2009-03-03Allow stderr_path and stdout_path to be set in the config
As opposed to doing this in the shell, this allows the files to be reopened reliably after rotation. While we're at it, use $stderr/$stdout instead of STDERR/STDOUT since they seem to be more favored.
2009-02-25rename http11 => unicorn/http11
Avoid conflicting with existing (and future) Mongrel installs in case either changes. Of course, this also allows us more freedom to experiment and break the API if needed... However, I'm only planning on making minor changes to remove the amount of C code we have to maintain and possibly some minor performance improvements.
2009-02-13Remove tempfile reuse from HttpRequest, upload tests
Tempfile reuse was over-engineered and the problem was not nearly as big a problem as initially thought. Additionally, it could lead to a subtle bug in an applications that link(2)s or rename(2)s the temporary file to a permanent location _without_ closing it after the request is done. Applications that suffer from the problem of directory bloat are still free to modify ENV['TMPDIR'] to influence the creation of Tempfiles.
2009-02-09Refactor and get exec + FD inheritance working
Along with worker process management. This is nginx-style inplace upgrading (I don't know of another web server that does this). Basically we can preserve our opened listen sockets across entire executable upgrades. Signals: USR2 - Sending USR2 to the master unicorn process will cause it to exec a new master and keep the original workers running. This is useful to validate that the new code changes took place are valid and don't immediately die. Once the changes are validated (manually), you may send QUIT to the original master process to have it gracefully exit. HUP - Sending this to the master will make it immediately exec a new binary and cause the old workers to gracefully exit. Use this if you're certain the latest changes to Unicorn (and your app) are ready and don't need validating. Unlike nginx, re-execing a new binary will pick up any and all configuration changes. However listener sockets cannot be removed when exec-ing; only added (for now). I apologize for making such a big change in one commit, but once I got the ability to replace the entire codebase while preserving connections, it was too tempting to continue working. So I wrote a large chunk of this while hitting the unicorn-hello-world app with the following loop: while curl -vSsfN http://0:8080; do date +%N; done _Zero_ requests lost across multiple restarts.
2009-02-09HttpRequest: restart read(2) on EINTR
Since we handle signals, read(2) syscalls can fail on sockets with EINTR. Restart the call if we hit this.
2009-02-09Refactor HTTP Request processing into HttpRequest
Keeping I/O out of unicorn.rb
2009-02-09Skip EINTR/EAGAIN handling with syswrite
I'll be removing signal handling from worker processes...
2009-02-09Use a persistent buffer with HttpRequest
This allows us to avoid the overhead of allocating a new buffer each and every time we call sysread (even when just parsing headers for GET requests).

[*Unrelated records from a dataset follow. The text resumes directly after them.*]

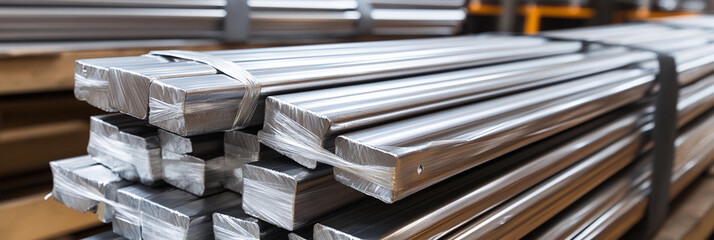 Wrapped zinc stacked neatly in a storage facility Generative AI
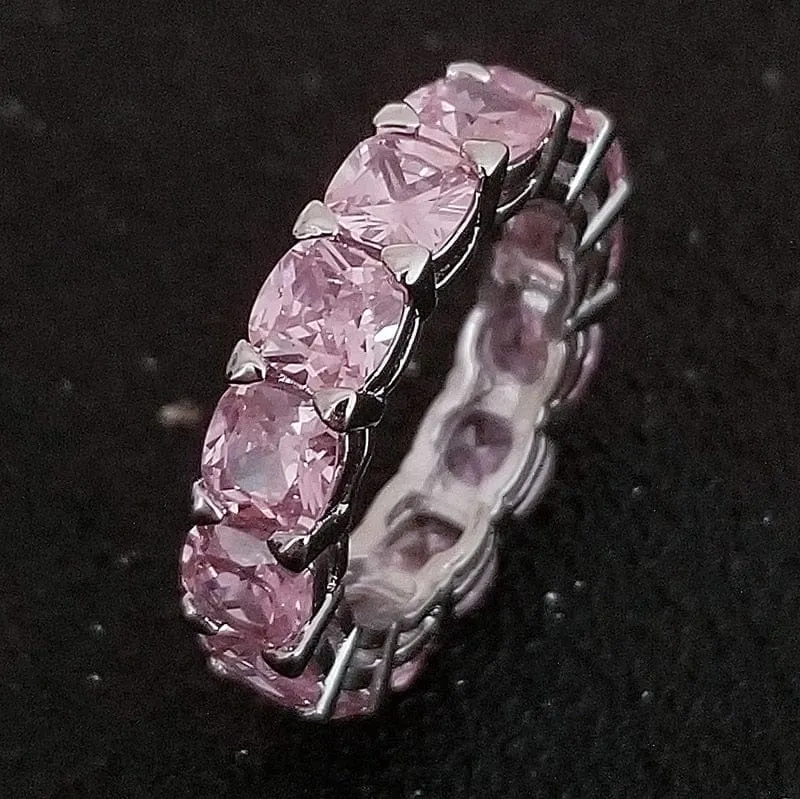 luxury 925 sterling silver wedding band eternity ring for women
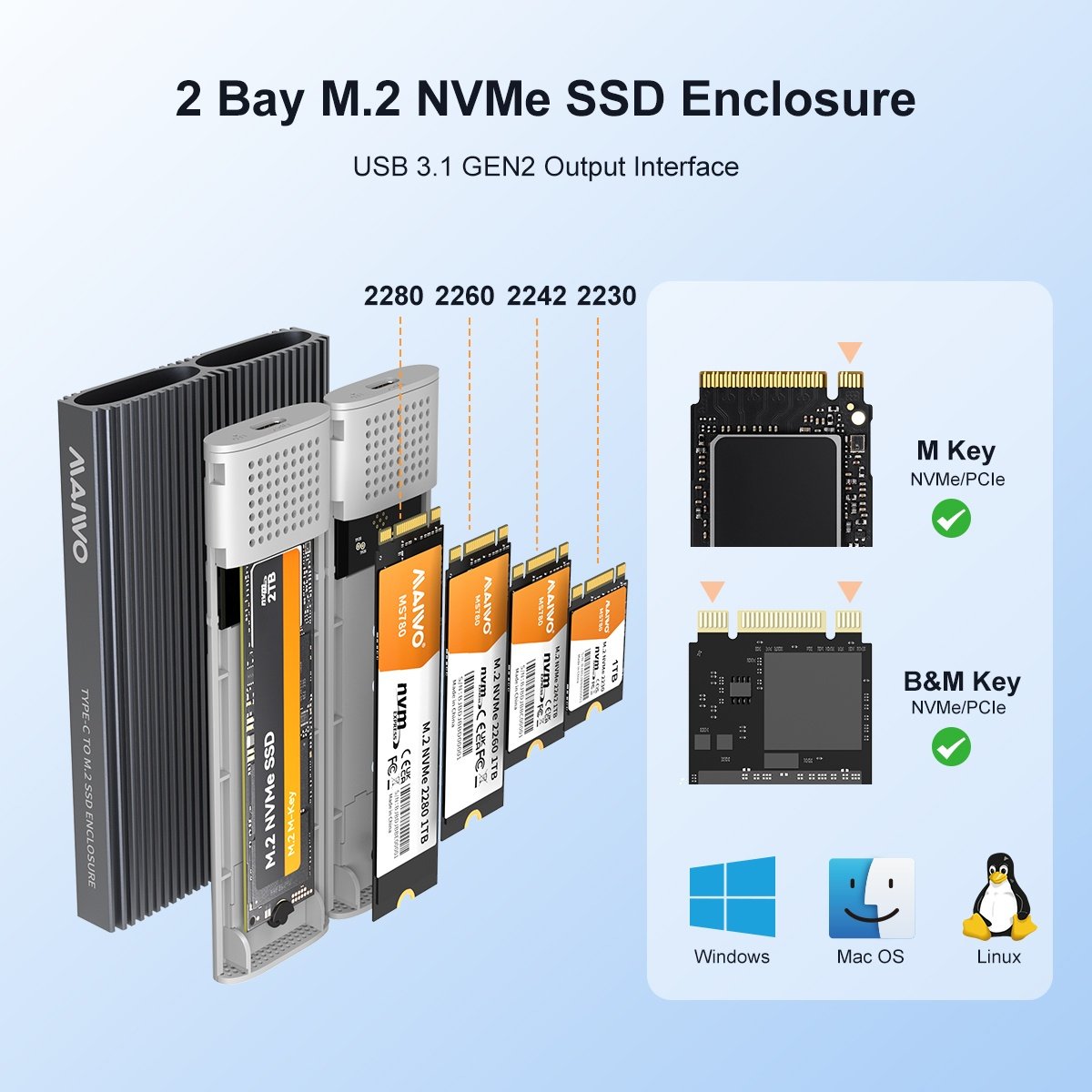 Maiwo Dual Disk NVMe SSD Enclosure USB-C 3.1 GEN2 - 10 Gbps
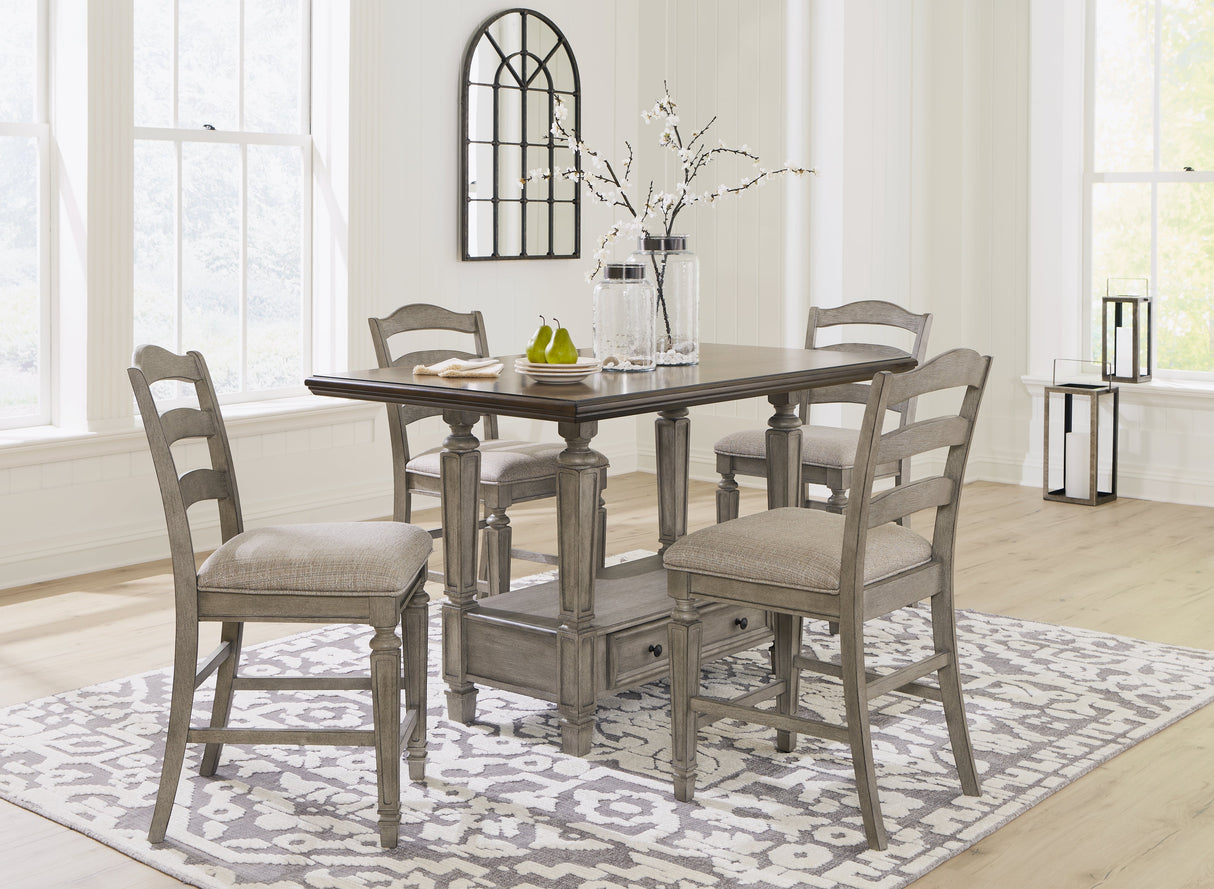 Lodenbay Antique Gray Counter Height Dining Table and 4 Barstools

2009-02-09HttpRequest#reset! => HttpRequest#reset
Keep this somewhat consistent with the HttpParser API which also exposes #reset instead of #reset!
2009-02-09Make HttpRequest object (and temp files) persistent
This will help prevent TMPDIR from becoming bloated when handling thousands of large uploads a day. This is a problem in many UNIX filesystems (including ext3): names of entries never expire even after files are gone and the only way to clear it is to get rid of the directory itself.
2009-02-09Don't set SCRIPT_NAME to "/" and then clear it for Rack
It's pointless...
2009-02-09HttpRequest: avoid repeated hash lookups for HTTP_BODY
read_body can be a long-running loop; so avoid wasting CPU cycles by repeatedly performing a hash lookup to get to a temporary buffer.
2009-02-09Remove threading and use worker processes instead
All tests for threading and semaphores have been removed. One test was changed because it depended on a shared variable. Tests will be replaced with tests to do process management instead.
2009-02-09s/Mongrel/Unicorn/g
Avoid conflicting with existing Mongrel libraries since we'll be incompatible and break things w/o disrupting Mongrel installations.